Makhaya asserts students are rising up against academic institutions that do not reflect their values, heritage and aspirations.
They are calling for transformation of curricula to reflect African and other marginalised scholarship, a more diverse teaching staff and an inclusive institutional culture.
We want your take on student politics, past and present, and its place in broader discussions on transformation and learning. For example:
- Are South African campuses too political, or not political enough?
- What’s your view on the Rhodes Must Fall campaign? Does it signal a rise in student activism?
To participate, tweet your comments using the #eNCAlive tag, comment on this page in the comments section, or offer feedback via Facebook.

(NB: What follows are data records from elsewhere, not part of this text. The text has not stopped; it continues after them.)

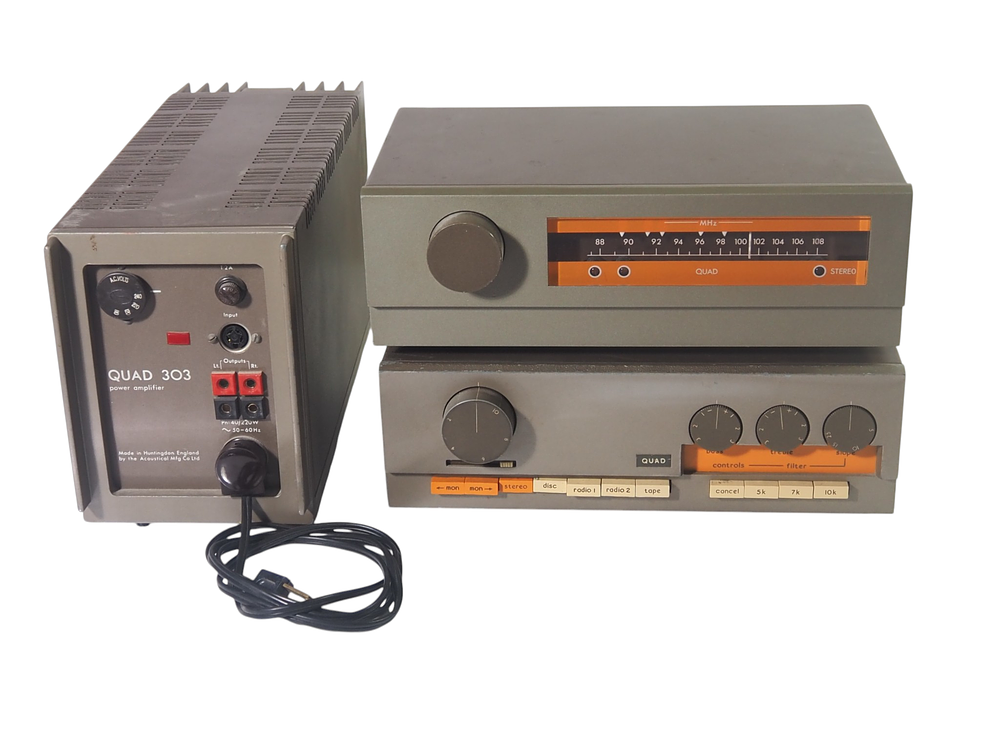 Lot 223: HI FI Quad 33 Preamplifier Quad FM 3 Tuner And Quad 303 Power Amplifier Set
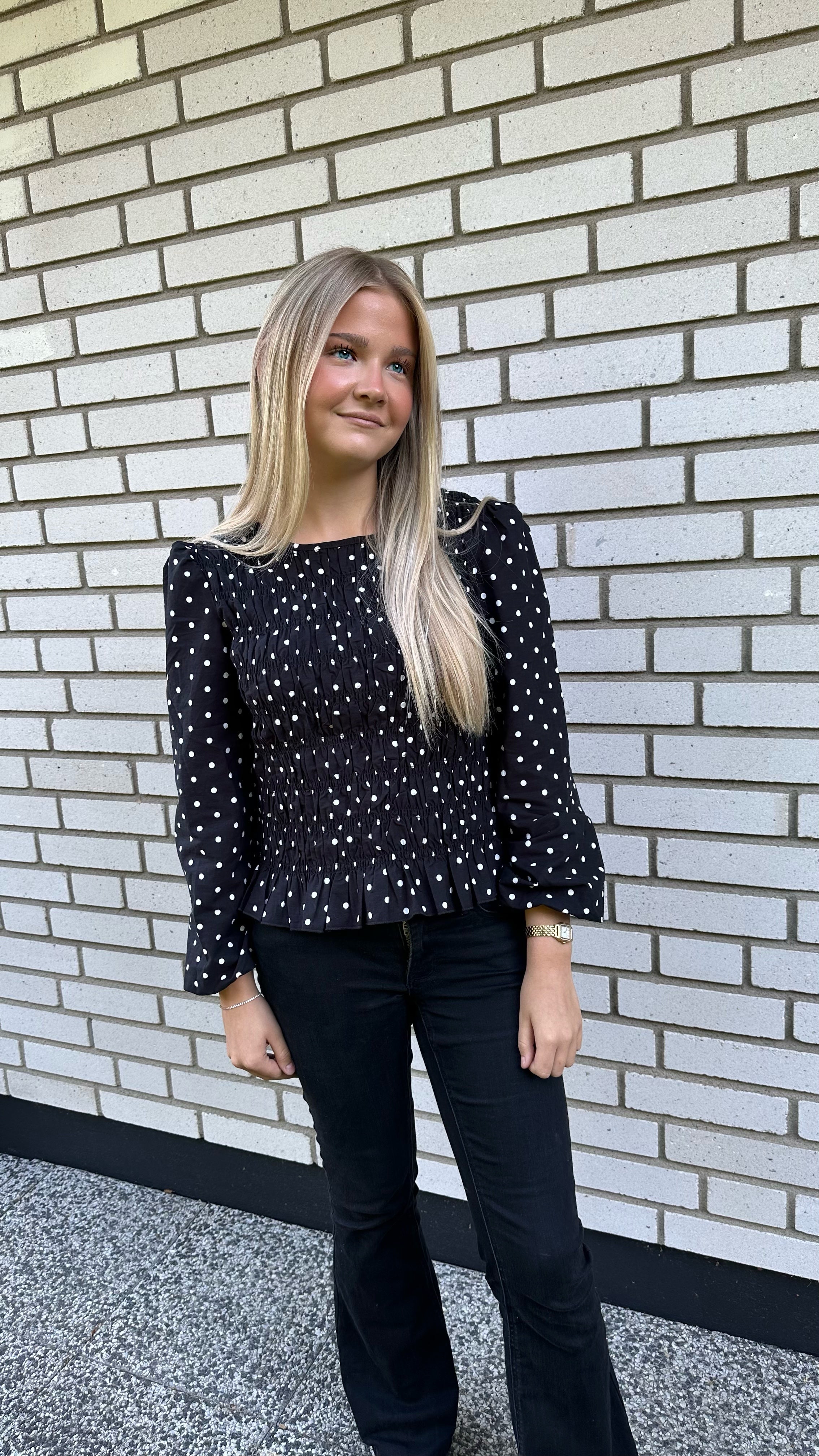 VIFENEKA L/S SMOCK TOP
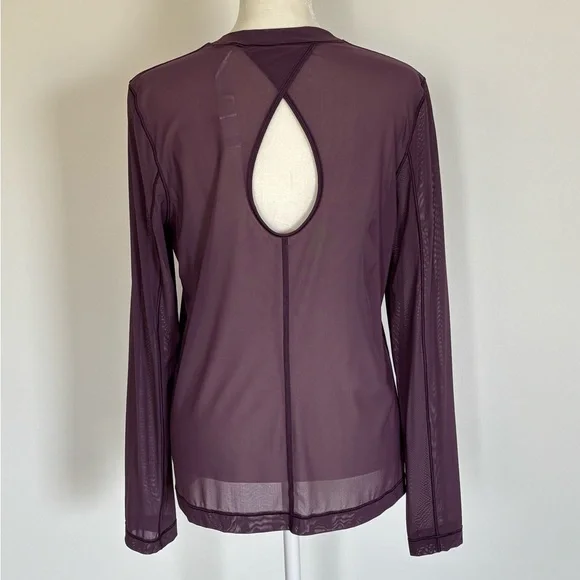 Lululemon Keyhole Mesh Long Sleeve Top Grape Thistle Size 6 NEVER WORN - Picture 2 of 10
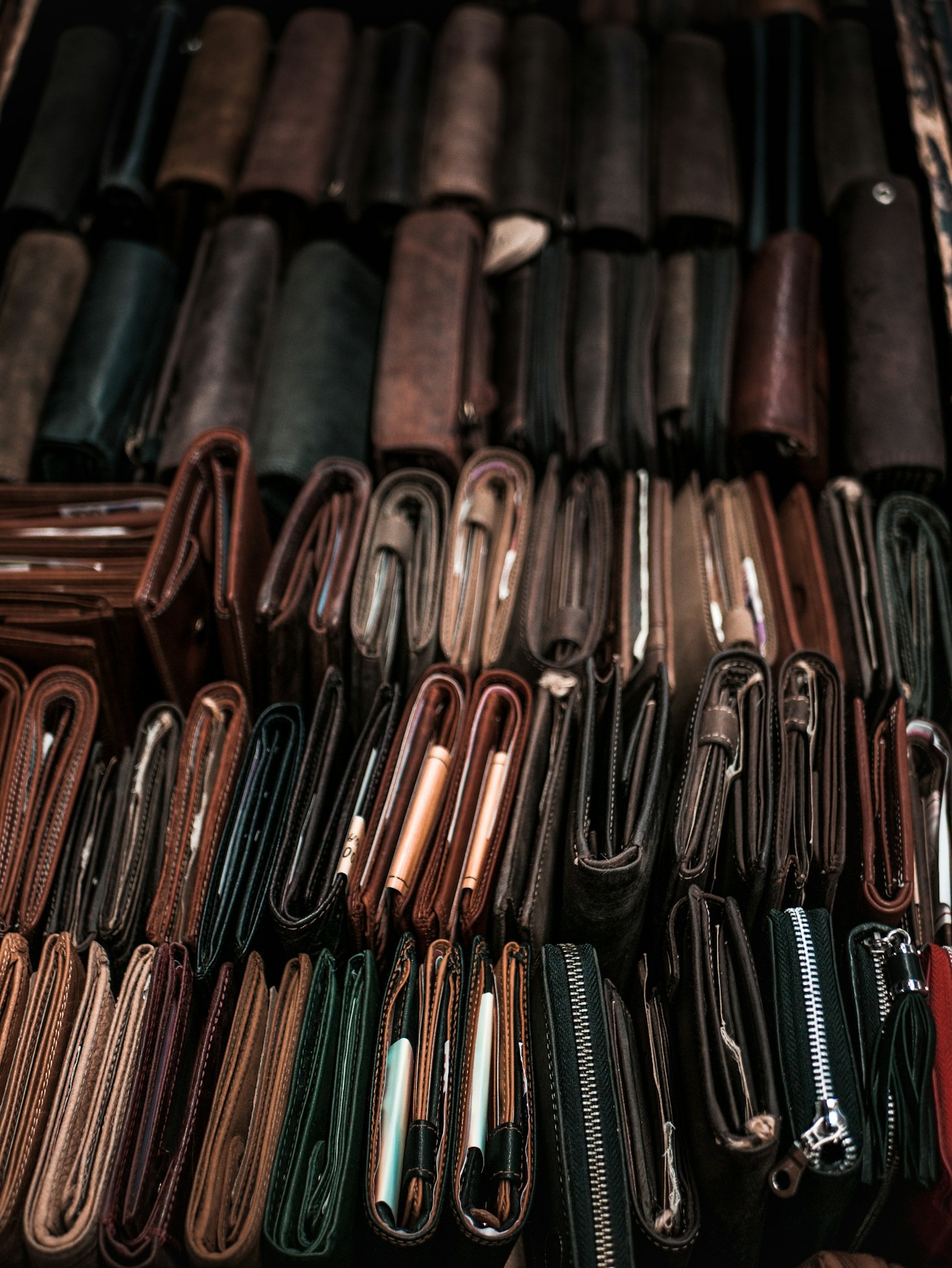 Top 10 Leather Wallets for Men in 2023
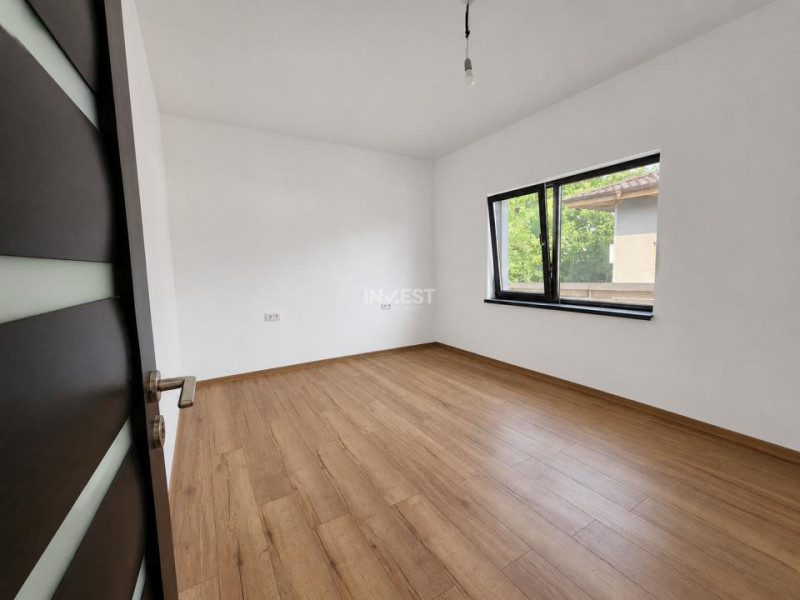 Casa individuala, cu 3 camere, plan parter, zona Horpaz
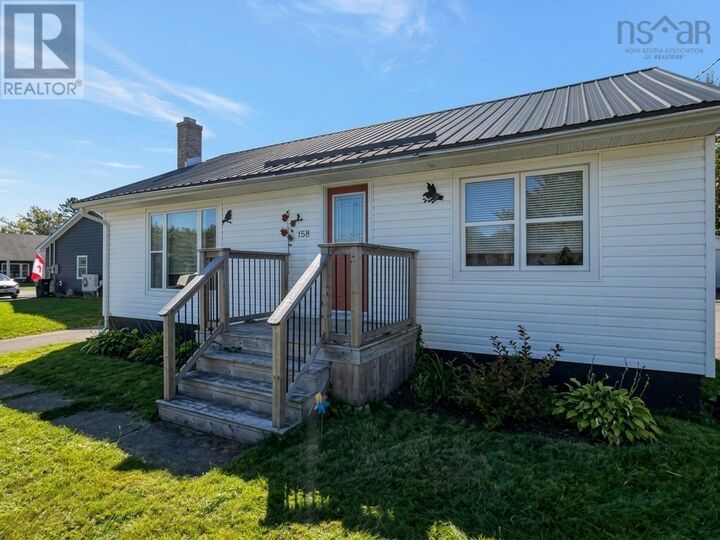 Property Photo:  158 Woodlawn Drive  NS B1S 1H9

The #eNCAlive debate will include comment from Thabi Leoka, an economist, social activist, humanist and feminist and Mcebi Dlamini, Student Representative Council President at the University of the Witwatersrand (Wits).
“We also ask if this spate of consciousness is new in post-apartheid South Africa, or if other post-1994 generations of students have tried to raise similar issues in their own way,” says Makhaya.
Recently, a campaign run by students at the University of Cape Town (UCT) resulted in the removal of a statue of Cecil John Rhodes.
It began with a small group of students, including Chumani Maxwele, who threw excrement on the statue. Weeks of campus debates, sit-ins and heated argument followed.
After a university council vote on the matter, a crowd including many students gathered and cheered as workers remove the statue from its plinth on April 9, 2015.
UCT’s SRC President Rambabina Mahapa told eNCA’s Lester Kiewit the statue's removal was part of a broader transformation campaign at the university.